Dessert: Sunken apple and honey cake

Photo cred: Smitten Kitchen
Photo cred: Smitten Kitchen


  • 4 small apples, peeled, halved, and cored
  • 2 tbsps fresh lemon juice
  • 2 tbsps granulated sugar
  • 1/2 cup plus 1 tablespoon (125 grams) unsalted butter, at room temperature
  • 6 tbsps granulated sugar
  • 1/4 cup honey
  • 1 tsp vanilla extract
  • 3 large eggs, separated
  • 2 good pinches of salt
  • 2 tsps baking powder
  • 1 1/4 cups all-purpose flour
  • 1/4 cup honey
  • A good pinch of sea salt


  1. Preheat oven to 350 °F. Coat a 9-inch springform pan with butter or a nonstick spray. Line the bottom of the pan with a round of parchment paper.
  2. Prepare apples: Place peeled, halved and cored apples cut-side-down on a cutting board. Use a knife to create parallel thin slices, but only cut halfway through each apple so that the apples stay intact. Don’t fret if you cut through, however; you can just reassemble the halves on the cake in a few minutes. In a bowl, toss apples with lemon juice and 2 tbsps granulated sugar.
  3. Prepare cake base: Beat butter and 6 tbsps granulated sugar together in a bowl with electric beaters until fluffy. Add honey and beat until combined. Add vanilla and egg yolks, beating until just combined. Sprinkle salt and baking powder over cake batter, and mix for just 5 seconds, until they disappear. Add flour, half at a time, mixing only until just combined.
  4. In a separate bowl with cleaned beaters, beat egg whites until stiff. Stir 1/4 of them into the cake batter, to lighten it a little. Fold in the rest in three additions. It will seem impossible to fold in at first because the batter is so stiff, but it will loosen with careful folding. Only fold the last addition of egg whites until it has mostly disappeared (a couple faint streaks of egg white are fine).
  5. Spread cake batter in prepared cake pan, smoothing the top. Arrange apple halves face-down over the cake batter. No need to press the apples into the batter.

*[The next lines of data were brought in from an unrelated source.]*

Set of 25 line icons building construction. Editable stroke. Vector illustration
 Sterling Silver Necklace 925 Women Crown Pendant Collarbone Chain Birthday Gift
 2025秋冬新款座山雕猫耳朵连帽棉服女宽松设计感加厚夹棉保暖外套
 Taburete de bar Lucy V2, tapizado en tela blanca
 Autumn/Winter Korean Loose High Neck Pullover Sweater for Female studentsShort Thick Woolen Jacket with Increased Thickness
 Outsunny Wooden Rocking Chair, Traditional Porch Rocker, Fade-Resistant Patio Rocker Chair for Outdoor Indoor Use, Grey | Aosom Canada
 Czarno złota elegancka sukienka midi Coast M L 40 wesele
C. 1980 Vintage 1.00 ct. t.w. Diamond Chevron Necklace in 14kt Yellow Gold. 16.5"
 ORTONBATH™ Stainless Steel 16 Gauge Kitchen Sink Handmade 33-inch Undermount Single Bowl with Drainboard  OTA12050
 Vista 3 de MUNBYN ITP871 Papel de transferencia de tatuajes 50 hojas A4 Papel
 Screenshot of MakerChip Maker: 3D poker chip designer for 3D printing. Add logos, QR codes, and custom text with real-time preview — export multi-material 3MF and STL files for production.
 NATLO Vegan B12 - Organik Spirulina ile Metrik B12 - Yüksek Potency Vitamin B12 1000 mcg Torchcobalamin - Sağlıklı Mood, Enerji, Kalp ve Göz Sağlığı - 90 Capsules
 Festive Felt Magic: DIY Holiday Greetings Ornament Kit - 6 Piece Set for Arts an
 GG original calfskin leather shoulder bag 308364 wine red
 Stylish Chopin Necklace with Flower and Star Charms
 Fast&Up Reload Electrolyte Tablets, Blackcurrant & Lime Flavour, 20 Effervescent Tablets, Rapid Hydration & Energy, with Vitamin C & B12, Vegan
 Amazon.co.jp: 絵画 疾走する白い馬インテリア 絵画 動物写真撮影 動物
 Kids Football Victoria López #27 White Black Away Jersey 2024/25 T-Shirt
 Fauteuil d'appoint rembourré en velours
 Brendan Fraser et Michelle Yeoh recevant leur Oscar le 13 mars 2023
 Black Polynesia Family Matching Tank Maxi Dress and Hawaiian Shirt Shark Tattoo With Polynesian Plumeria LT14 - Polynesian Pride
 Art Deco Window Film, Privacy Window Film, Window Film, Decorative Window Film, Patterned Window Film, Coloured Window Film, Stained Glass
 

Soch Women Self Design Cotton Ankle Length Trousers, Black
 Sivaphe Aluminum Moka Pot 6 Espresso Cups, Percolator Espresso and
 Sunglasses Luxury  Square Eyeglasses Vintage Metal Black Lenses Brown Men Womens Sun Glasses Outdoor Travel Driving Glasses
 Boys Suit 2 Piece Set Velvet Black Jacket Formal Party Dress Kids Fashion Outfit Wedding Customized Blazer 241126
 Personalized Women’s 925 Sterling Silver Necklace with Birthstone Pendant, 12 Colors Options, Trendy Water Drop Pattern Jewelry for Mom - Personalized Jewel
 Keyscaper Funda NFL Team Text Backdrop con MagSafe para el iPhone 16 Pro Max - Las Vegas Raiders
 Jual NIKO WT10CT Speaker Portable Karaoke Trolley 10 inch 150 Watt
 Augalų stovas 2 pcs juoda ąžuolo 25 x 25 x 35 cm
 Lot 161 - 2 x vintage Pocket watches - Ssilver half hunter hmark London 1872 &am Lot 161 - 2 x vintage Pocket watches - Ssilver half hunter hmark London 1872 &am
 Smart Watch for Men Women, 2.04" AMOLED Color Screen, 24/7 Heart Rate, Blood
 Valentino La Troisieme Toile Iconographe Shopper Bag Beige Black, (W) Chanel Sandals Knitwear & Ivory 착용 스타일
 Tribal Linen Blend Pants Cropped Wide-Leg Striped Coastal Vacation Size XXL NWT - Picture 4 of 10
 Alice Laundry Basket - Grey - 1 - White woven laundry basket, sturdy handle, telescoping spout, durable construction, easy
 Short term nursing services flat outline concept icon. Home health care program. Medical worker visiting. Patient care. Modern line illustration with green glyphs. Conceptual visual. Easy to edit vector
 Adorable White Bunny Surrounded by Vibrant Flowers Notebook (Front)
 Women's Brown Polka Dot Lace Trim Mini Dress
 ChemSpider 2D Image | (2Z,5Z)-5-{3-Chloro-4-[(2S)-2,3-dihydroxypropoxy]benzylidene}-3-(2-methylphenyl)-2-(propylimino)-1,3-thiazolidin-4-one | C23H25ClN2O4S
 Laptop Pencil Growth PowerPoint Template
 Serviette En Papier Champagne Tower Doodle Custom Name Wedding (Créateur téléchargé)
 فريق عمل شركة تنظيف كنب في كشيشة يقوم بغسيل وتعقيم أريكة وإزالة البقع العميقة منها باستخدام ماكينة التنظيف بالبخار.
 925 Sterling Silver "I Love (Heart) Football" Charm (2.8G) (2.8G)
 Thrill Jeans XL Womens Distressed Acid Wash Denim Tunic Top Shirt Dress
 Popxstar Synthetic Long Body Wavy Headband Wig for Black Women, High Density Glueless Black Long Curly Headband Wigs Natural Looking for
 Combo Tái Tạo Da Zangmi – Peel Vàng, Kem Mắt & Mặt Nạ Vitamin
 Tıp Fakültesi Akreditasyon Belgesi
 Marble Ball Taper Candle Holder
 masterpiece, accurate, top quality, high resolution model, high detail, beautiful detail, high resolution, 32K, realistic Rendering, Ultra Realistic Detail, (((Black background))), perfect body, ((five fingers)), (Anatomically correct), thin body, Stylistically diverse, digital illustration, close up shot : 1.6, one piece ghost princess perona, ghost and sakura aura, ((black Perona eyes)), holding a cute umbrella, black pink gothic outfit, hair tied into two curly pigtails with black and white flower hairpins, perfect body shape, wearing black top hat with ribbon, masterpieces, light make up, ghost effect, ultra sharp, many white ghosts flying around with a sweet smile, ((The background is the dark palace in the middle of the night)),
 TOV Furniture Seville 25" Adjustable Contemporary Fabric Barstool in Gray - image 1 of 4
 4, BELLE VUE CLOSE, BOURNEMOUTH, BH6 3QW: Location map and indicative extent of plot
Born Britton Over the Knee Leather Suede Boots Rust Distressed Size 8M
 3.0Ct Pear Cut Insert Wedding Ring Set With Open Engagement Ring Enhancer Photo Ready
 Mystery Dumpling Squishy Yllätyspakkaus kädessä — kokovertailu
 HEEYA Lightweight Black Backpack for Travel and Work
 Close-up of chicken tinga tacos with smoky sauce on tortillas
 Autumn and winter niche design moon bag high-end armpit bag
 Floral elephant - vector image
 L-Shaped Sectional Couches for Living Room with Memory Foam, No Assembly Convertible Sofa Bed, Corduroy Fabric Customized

You can pour any extra lemon juice and sugar in the bowl over the apples.
  6. Bake cake: 35 to 40 minutes, until a toothpick or skewer inserted into the center of the cake comes out clean. Let rest on a cooling rack for 5 minutes, then cut around the cake to make sure it’s not sticking to the pan at all, and unhinge the sides. Let cake cool completely. You can store it at room temperature at this point, or after you add the honey, for up to 3 days at room temperature. After that, a fridge is best for longevity. The cake is lovelier on day 2 than day 1.
  7. Before serving, if you’d like the glaze to look glossy, or whenever the cake is cool, if you don’t mind if the honey sinks into the cake: Warm 1/4 cup honey and a good pinch of sea salt until it liquefies to the point where it makes a thin glaze — this will take less than 30 seconds. Brush honey-salt mixture over cooled cake.

Tuesday – Hoppin’ John

Photo cred: Simply recipes

Last week, I came across this incredibly delicious-looking and hilariously-written (if slightly raunchy) food blog, Thug Kitchen. I pored over their pages and bookmarked a dozen recipes that I couldn’t wait to try, before realizing that the entire website is completely vegan. I hadn’t even noticed! In fact, this website is what inspired me to attempt a veggie week. This first recipe for Hoppin’ John was taking almost verbatim from the blog — although I did clean up the language a bit.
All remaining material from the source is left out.